START Source material
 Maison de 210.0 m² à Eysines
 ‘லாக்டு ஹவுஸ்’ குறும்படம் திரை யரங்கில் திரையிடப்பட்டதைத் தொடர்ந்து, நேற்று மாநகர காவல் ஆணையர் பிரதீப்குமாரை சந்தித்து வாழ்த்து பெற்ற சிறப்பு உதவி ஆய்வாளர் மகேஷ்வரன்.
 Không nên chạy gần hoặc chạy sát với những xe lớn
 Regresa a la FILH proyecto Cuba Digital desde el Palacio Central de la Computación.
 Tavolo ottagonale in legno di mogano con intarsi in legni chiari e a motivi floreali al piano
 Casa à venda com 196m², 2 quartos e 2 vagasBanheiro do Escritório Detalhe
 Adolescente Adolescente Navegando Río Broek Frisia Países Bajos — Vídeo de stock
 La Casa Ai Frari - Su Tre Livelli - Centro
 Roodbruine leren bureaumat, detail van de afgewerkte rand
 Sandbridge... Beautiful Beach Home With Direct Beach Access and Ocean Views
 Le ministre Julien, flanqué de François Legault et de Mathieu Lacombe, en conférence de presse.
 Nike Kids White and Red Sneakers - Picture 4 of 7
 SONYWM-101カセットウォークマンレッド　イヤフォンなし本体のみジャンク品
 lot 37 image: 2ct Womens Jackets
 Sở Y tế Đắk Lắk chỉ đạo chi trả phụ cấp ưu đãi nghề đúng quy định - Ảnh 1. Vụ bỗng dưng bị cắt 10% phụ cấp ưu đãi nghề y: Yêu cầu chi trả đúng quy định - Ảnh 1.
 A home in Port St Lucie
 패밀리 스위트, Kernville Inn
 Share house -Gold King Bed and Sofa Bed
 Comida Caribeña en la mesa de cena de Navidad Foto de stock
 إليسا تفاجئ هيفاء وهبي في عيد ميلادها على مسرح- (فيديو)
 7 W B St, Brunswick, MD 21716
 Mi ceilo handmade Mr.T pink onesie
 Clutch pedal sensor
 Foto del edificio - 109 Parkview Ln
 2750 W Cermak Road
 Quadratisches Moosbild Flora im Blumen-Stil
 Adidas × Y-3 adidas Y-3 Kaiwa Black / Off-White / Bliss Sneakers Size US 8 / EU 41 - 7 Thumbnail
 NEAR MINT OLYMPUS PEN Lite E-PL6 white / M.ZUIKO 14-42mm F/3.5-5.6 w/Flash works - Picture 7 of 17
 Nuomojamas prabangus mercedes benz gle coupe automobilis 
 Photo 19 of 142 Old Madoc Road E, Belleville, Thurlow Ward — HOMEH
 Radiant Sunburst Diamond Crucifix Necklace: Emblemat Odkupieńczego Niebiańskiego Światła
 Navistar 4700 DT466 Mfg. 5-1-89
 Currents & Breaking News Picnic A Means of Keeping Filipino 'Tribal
END Source material
Lines above that have "Foto": copy each of them.

→ Written answer:
 Comida Caribeña en la mesa de cena de Navidad Foto de stock
 Foto del edificio - 109 Parkview Ln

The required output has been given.